(Stored dataset items)
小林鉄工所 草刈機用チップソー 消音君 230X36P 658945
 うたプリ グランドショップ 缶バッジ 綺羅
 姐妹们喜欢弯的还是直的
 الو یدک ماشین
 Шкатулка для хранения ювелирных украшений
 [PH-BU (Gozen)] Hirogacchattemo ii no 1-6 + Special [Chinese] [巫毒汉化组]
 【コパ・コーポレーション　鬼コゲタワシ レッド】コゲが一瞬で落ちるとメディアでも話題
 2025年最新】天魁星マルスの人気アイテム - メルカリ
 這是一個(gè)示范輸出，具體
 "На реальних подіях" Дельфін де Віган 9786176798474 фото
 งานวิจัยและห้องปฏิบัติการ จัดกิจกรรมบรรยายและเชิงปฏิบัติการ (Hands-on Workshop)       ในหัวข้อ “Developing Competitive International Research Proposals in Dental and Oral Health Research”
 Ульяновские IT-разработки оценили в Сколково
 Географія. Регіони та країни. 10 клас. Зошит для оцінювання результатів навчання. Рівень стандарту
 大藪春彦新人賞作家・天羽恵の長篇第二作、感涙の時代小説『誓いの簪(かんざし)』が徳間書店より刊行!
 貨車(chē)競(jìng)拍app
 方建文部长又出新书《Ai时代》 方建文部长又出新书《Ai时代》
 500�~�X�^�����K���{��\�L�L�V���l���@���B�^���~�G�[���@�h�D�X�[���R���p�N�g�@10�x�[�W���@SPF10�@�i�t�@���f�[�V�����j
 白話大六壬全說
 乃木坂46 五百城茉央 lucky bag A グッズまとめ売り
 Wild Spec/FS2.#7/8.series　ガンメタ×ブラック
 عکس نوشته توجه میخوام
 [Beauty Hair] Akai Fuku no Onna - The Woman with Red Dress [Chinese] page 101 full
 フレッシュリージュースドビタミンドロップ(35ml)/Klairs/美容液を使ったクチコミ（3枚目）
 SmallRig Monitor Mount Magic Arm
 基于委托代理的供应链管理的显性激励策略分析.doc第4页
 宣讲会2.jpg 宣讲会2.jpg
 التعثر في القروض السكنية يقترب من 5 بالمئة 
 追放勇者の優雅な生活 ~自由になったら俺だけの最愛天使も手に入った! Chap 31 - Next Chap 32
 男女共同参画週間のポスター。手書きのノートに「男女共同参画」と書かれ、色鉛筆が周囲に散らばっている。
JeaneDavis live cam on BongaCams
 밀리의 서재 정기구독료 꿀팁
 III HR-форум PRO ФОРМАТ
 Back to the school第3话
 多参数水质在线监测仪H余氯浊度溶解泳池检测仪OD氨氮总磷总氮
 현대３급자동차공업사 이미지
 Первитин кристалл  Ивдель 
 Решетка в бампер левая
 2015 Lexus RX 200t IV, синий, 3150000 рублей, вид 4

Requirement:
Output each record precisely as given.

Solution:
小林鉄工所 草刈機用チップソー 消音君 230X36P 658945
 うたプリ グランドショップ 缶バッジ 綺羅
 姐妹们喜欢弯的还是直的
 الو یدک ماشین
 Шкатулка для хранения ювелирных украшений
 [PH-BU (Gozen)] Hirogacchattemo ii no 1-6 + Special [Chinese] [巫毒汉化组]
 【コパ・コーポレーション　鬼コゲタワシ レッド】コゲが一瞬で落ちるとメディアでも話題
 2025年最新】天魁星マルスの人気アイテム - メルカリ
 這是一個(gè)示范輸出，具體
 "На реальних подіях" Дельфін де Віган 9786176798474 фото
 งานวิจัยและห้องปฏิบัติการ จัดกิจกรรมบรรยายและเชิงปฏิบัติการ (Hands-on Workshop)       ในหัวข้อ “Developing Competitive International Research Proposals in Dental and Oral Health Research”
 Ульяновские IT-разработки оценили в Сколково
 Географія. Регіони та країни. 10 клас. Зошит для оцінювання результатів навчання. Рівень стандарту
 大藪春彦新人賞作家・天羽恵の長篇第二作、感涙の時代小説『誓いの簪(かんざし)』が徳間書店より刊行!
 貨車(chē)競(jìng)拍app
 方建文部长又出新书《Ai时代》 方建文部长又出新书《Ai时代》
 500�~�X�^�����K���{��\�L�L�V���l���@���B�^���~�G�[���@�h�D�X�[���R���p�N�g�@10�x�[�W���@SPF10�@�i�t�@���f�[�V�����j
 白話大六壬全說
 乃木坂46 五百城茉央 lucky bag A グッズまとめ売り
 Wild Spec/FS2.#7/8.series　ガンメタ×ブラック
 عکس نوشته توجه میخوام
 [Beauty Hair] Akai Fuku no Onna - The Woman with Red Dress [Chinese] page 101 full
 フレッシュリージュースドビタミンドロップ(35ml)/Klairs/美容液を使ったクチコミ（3枚目）
 SmallRig Monitor Mount Magic Arm
 基于委托代理的供应链管理的显性激励策略分析.doc第4页
 宣讲会2.jpg 宣讲会2.jpg
 التعثر في القروض السكنية يقترب من 5 بالمئة 
 追放勇者の優雅な生活 ~自由になったら俺だけの最愛天使も手に入った! Chap 31 - Next Chap 32
 男女共同参画週間のポスター。手書きのノートに「男女共同参画」と書かれ、色鉛筆が周囲に散らばっている。
JeaneDavis live cam on BongaCams
 밀리의 서재 정기구독료 꿀팁
 III HR-форум PRO ФОРМАТ
 Back to the school第3话
 多参数水质在线监测仪H余氯浊度溶解泳池检测仪OD氨氮总磷总氮
 현대３급자동차공업사 이미지
 Первитин кристалл  Ивдель 
 Решетка в бампер левая
 2015 Lexus RX 200t IV, синий, 3150000 рублей, вид 4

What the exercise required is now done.